The Very Large Dataset Project
I once took a statistics course taught by an Iranian. Whether it was due to the teaching style, the subject matter or even both, I turned out to both be very successful in the course and to love it. Truly, a really passionate attitude toward it. But statistics? That revelation should pretty much seal my fate in any of your eyes as to the degree to which I am a complete nerd. Nevertheless here’s what I did:
I’ve always been fascinated with datasets. The prospect of being able to take a large field of statistics and to use that to try to measure various things in an effort to make some sense out of the glop of data, has always held great appeal. Being interested in the stock market, I then set out to locate datasets about the stock market so that I could “play around” with them. As any of you who may have looked already know, there aren’t any out there. You can get some, like historical prices for instance, but that’s about it. What other datasets you can get are very narrow in scope. You might find, for instance, historical aggregate earnings for the Dow companies, but that’s just earnings, and just the Dow. I wanted so much more.
Also, to use historical prices alone, seemed to violate a major principle I’ve always believed in: past price behavior cannot cause future price behavior. It’s a major fundamental premise behind statistics. In other words, it’s not the price of a stock that impacts the price of a stock. It’s other stuff. Any instance where past price movement seems to correspond to a future price movement is coincidence. There are some notable pseudo-exceptions. Stocks do generally move in cycles. When stocks’ prices move in cycles (which are measured by their prices), trying to determine which causes which can become rather muddy. The price is the measure of the cycle. That’s almost like trying to distinguish between annual rainfall and ruler.
Contrary to what some of you might be thinking at the moment, I am not at all opposed to technical analysis. To the contrary. What gives even more importance to technical analysis is that because so many people use it in one fashion or another, any causal behavior as noticed by the technical analyst is reinforced by the fact that other people are noticing the same things. Resistance price points are a perfect example. People really do use them to determine buying and selling points.

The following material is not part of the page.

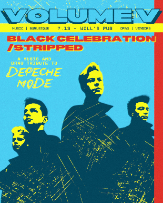 VOLUME V: “Black Celebration c/w Stripped” A Tribute to Depeche Mode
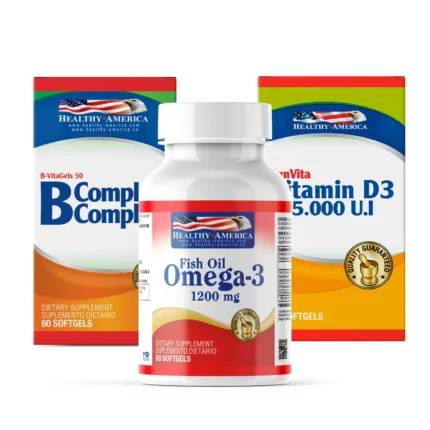 KIT DE SALUD PREVENTIVA en Colombia - Vista frontal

Another thing I always wanted was a good (read easy) way to backtest different kinds of screens and other events. I have found a couple of backtesting websites but found them to be rather limiting. Certain stocks only, beginning-of-year entry points, etc. Fortunately, I have a little programming bug and I set out to create a web query that could poll a large dataset of stocks, and then use that data to measure as many different things as possible. I chose as my dataset, all AMEX, NASDAQ, and NYSE tickers. I’ve been steadily accumulating financial statistics (weekly) and housing them in a database. It goes back to the end of May and is large enough now that I can start getting more meaningful results.
This post then, serves as an initiation into different things I plan on learning from studying this dataset. Also, I am always looking for ways to expand valuable offerings to my readers. I think it’s safe to say that at least some of the things I say are taken negatively at best or even just indifferently. Perhaps too niche. Hopefully, starting this little project will give some others good reason to enjoy this site too.